§ Assignment: Search the listing below for the line containing "TRINIDAD AND TOBAGO 🇹🇹 - JACKET". From there through the line containing "Perdea Velaria voal", transcribe every line exactly, both ends included.

§ Records supplied:
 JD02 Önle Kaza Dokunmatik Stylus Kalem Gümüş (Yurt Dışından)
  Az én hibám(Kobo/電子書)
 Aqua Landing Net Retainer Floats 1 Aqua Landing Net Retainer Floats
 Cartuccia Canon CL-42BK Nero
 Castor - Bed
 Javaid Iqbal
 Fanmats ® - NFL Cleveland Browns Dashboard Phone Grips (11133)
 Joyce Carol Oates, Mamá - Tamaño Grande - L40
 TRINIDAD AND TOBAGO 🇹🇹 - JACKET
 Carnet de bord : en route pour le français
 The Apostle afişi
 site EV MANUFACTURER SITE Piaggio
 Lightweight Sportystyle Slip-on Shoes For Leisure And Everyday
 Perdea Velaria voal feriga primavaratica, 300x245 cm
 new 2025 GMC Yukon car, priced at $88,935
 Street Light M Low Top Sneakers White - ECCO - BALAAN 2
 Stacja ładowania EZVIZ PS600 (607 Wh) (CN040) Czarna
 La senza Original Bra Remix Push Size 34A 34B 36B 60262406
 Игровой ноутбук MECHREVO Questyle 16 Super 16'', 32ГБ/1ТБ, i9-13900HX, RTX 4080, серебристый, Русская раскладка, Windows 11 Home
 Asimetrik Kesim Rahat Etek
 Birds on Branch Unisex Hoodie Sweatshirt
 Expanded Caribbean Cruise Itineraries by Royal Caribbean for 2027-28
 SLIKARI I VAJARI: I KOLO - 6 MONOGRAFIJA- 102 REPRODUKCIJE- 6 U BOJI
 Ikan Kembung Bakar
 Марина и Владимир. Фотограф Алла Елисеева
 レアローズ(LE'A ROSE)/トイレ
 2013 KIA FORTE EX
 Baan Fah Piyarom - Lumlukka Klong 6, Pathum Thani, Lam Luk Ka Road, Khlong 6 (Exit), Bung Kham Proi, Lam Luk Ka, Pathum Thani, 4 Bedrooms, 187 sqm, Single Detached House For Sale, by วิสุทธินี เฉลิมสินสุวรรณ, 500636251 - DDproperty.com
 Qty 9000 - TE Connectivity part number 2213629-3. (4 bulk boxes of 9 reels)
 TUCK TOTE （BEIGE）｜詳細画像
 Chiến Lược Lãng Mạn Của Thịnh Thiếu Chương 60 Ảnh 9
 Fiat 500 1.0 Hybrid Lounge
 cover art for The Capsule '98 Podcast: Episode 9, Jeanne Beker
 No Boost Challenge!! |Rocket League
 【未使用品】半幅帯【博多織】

§ Solution to this task:
 TRINIDAD AND TOBAGO 🇹🇹 - JACKET
 Carnet de bord : en route pour le français
 The Apostle afişi
 site EV MANUFACTURER SITE Piaggio
 Lightweight Sportystyle Slip-on Shoes For Leisure And Everyday
 Perdea Velaria voal feriga primavaratica, 300x245 cm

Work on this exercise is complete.